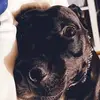 sallyhawkinsjacks - @sallyhawkinsjacks - TikTok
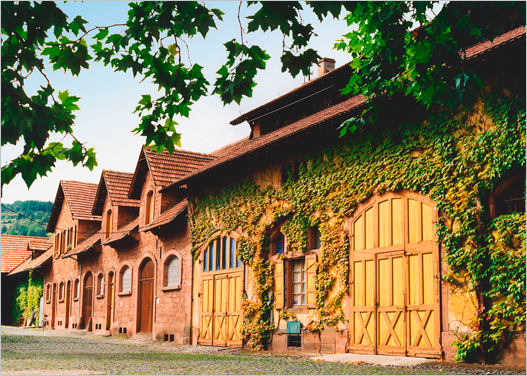Villa Wolf - Wijnstallen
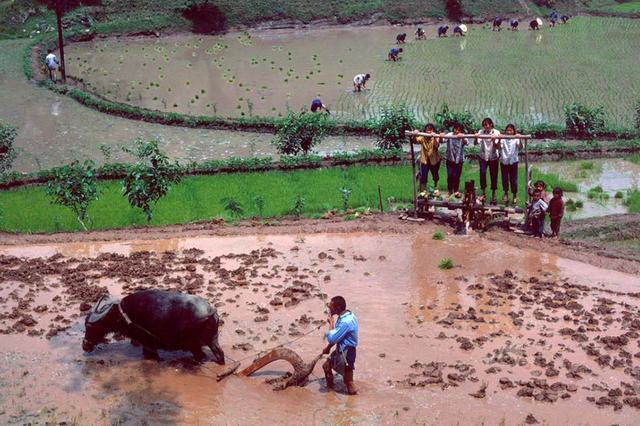 80张八十年代农村老照片,在农村长大的孩子们看哭没?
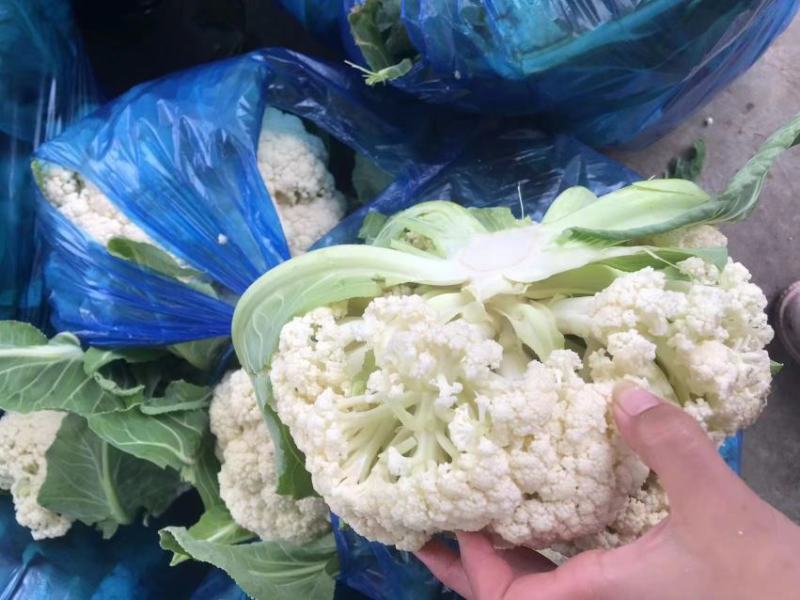 安徽有机花菜新鲜有机白花菜花散花现采现摘精品菜花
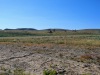 Weer heet en zonnig/ hot and sunny again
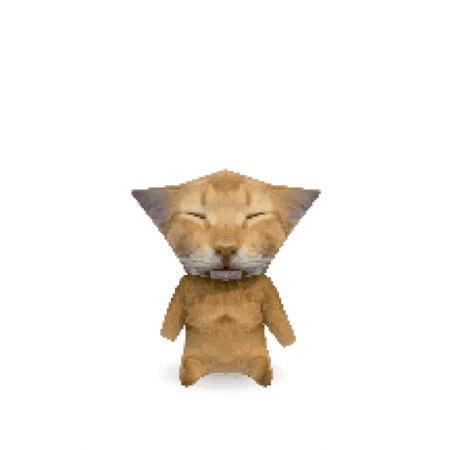 Cat Farting GIF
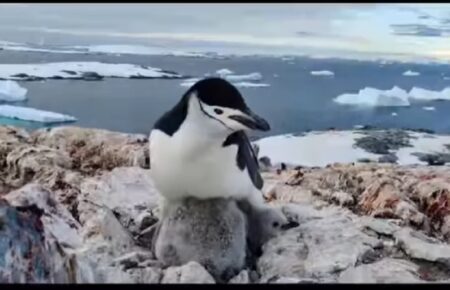 Українські дослідники показали унікальне відео з антарктичними пінгвінами та їхніми малюками
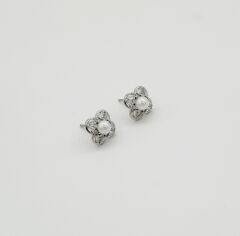White Gold Plated Fiore Pearl Stud Küpe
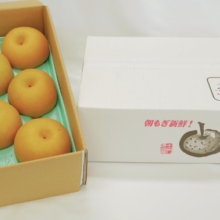 刈屋の梨 南水 5kg(3L玉以上10～16玉入)①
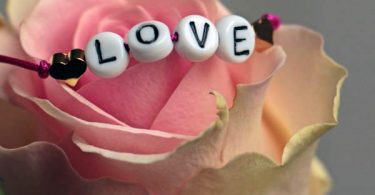 Tiendas virtuales y físicas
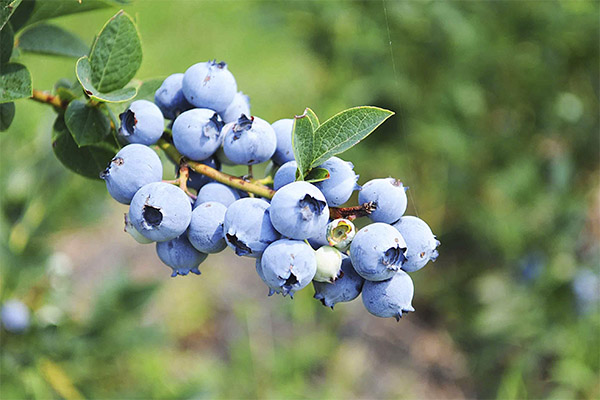 Propriétés bénéfiques de la myrtille bleue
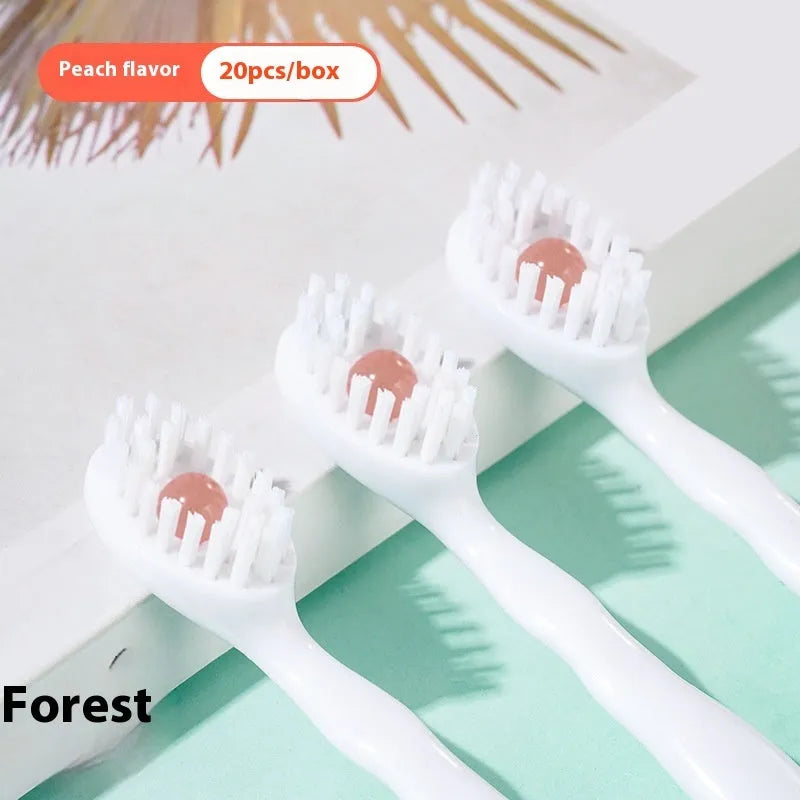 Box of disposable bead toothbrushes in mint, peach, plum green tea, and mixed flavours for travel.
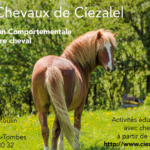 <strong>Les chevaux de Ciezalel</strong>
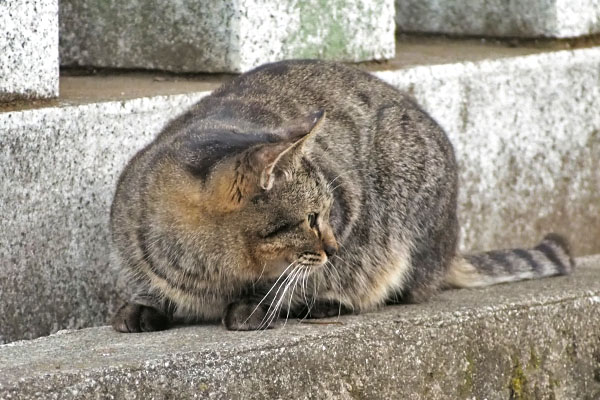 きじとらさん　横向く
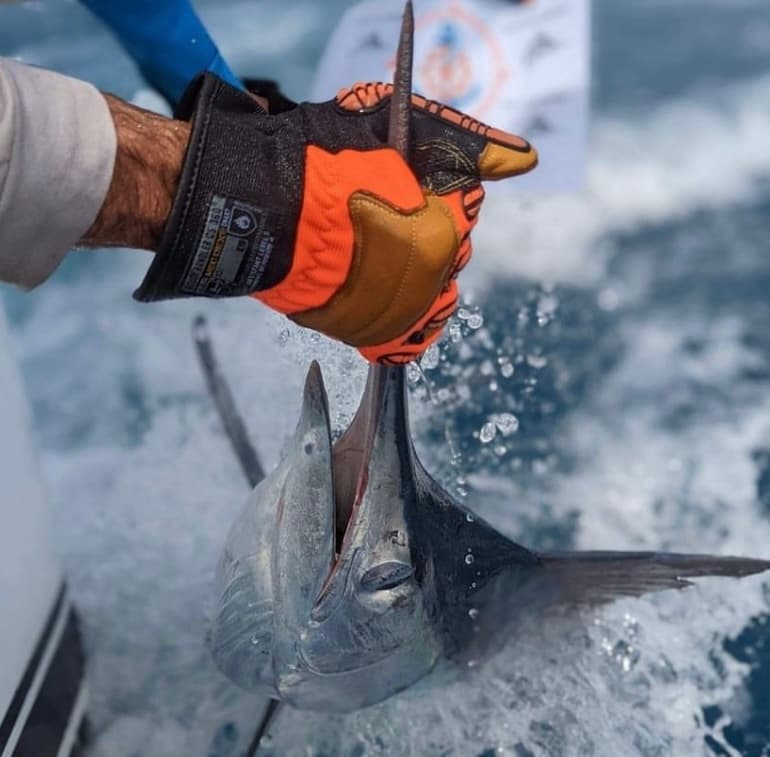 Full-Day Game Boat Charter From Cairns: 8-Hour Marlin & Pelagic Fishing photo 4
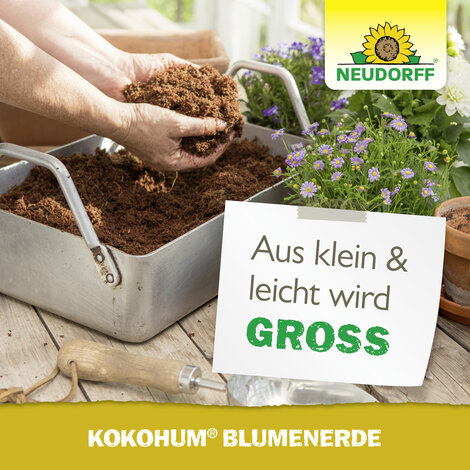Kokohum BlumenErde Sprechende Bilder Bild 6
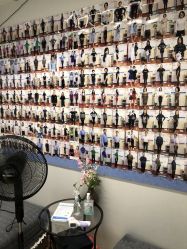 -维纳斯专业减肥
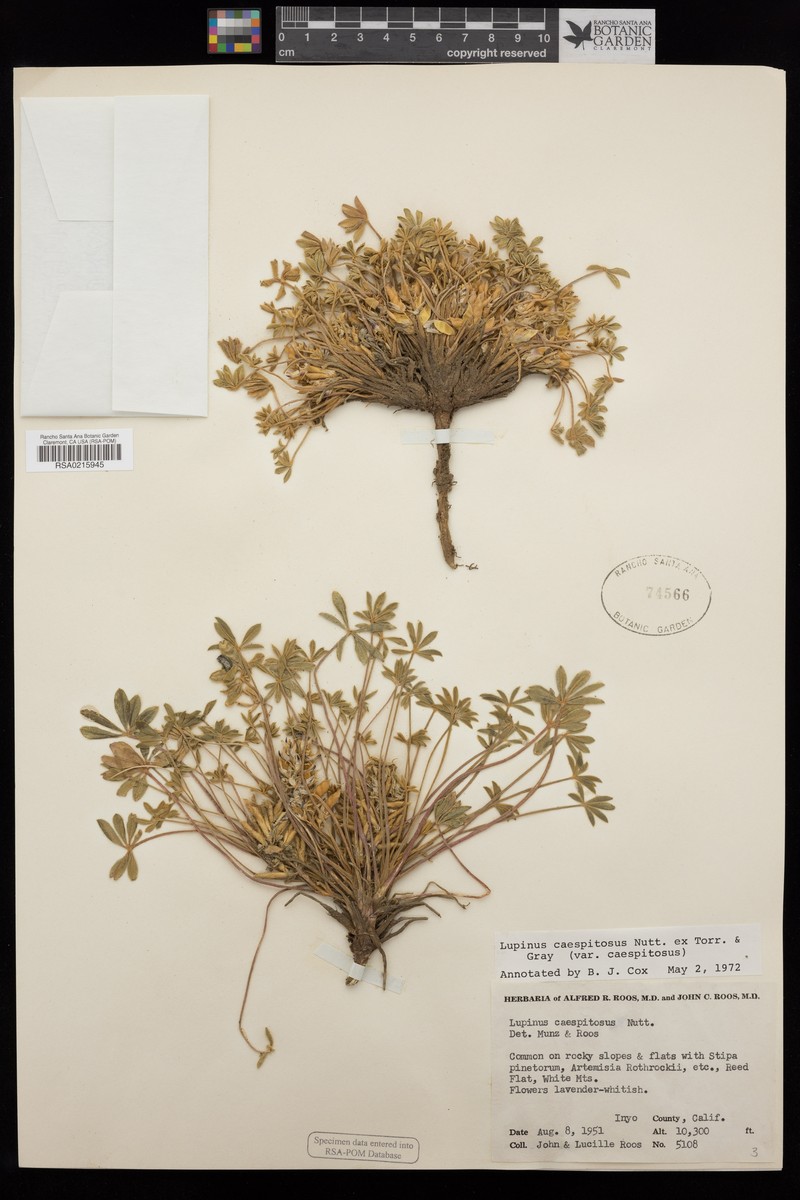 Lupinus caespitosus var. caespitosus photo 6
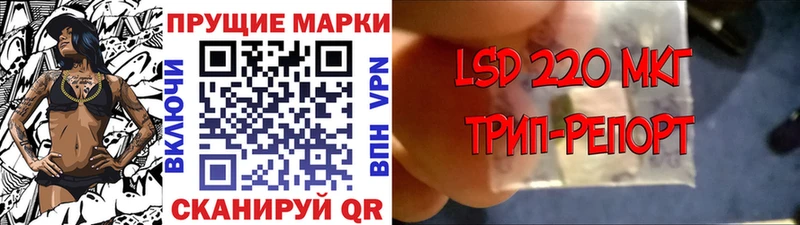 купить наркотики сайты  Первомайск  Марки 25I-NBOMe 1,5мг 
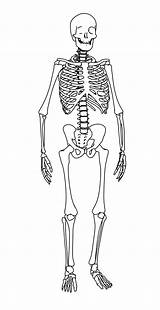 Skeleton Coloring Pages To Print Sketch Coloring Page sketch template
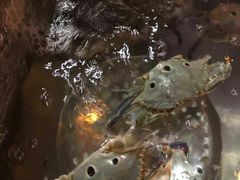 -渔家火锅·海鲜自助餐·演艺(亚龙湾天域酒店)
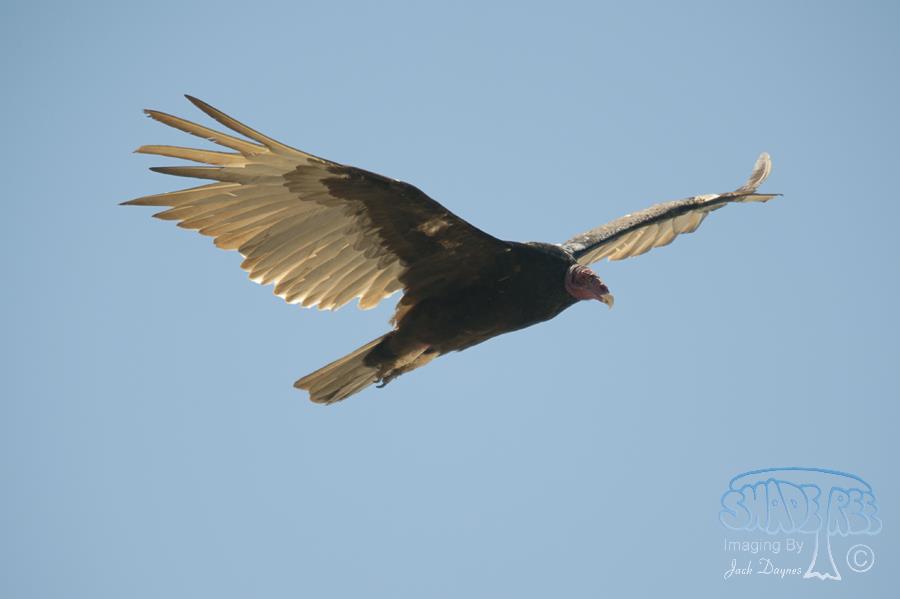 Turkey Vulture - Cathartes aura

TASK TO COMPLETE →
What is needed is an exact copy of the entries, without any images.

RESULT BELOW →
 sallyhawkinsjacks - @sallyhawkinsjacks - TikTok
Villa Wolf - Wijnstallen
 80张八十年代农村老照片,在农村长大的孩子们看哭没?
 安徽有机花菜新鲜有机白花菜花散花现采现摘精品菜花
 Weer heet en zonnig/ hot and sunny again
 Cat Farting GIF
 Українські дослідники показали унікальне відео з антарктичними пінгвінами та їхніми малюками
White Gold Plated Fiore Pearl Stud Küpe
 刈屋の梨 南水 5kg(3L玉以上10～16玉入)①
 Tiendas virtuales y físicas
 Propriétés bénéfiques de la myrtille bleue
 Box of disposable bead toothbrushes in mint, peach, plum green tea, and mixed flavours for travel.
 <strong>Les chevaux de Ciezalel</strong>
 きじとらさん　横向く
 Full-Day Game Boat Charter From Cairns: 8-Hour Marlin & Pelagic Fishing photo 4
Kokohum BlumenErde Sprechende Bilder Bild 6
 -维纳斯专业减肥
 Lupinus caespitosus var. caespitosus photo 6
 купить наркотики сайты  Первомайск  Марки 25I-NBOMe 1,5мг 
 Skeleton Coloring Pages To Print Sketch Coloring Page sketch template
 -渔家火锅·海鲜自助餐·演艺(亚龙湾天域酒店)
 Turkey Vulture - Cathartes aura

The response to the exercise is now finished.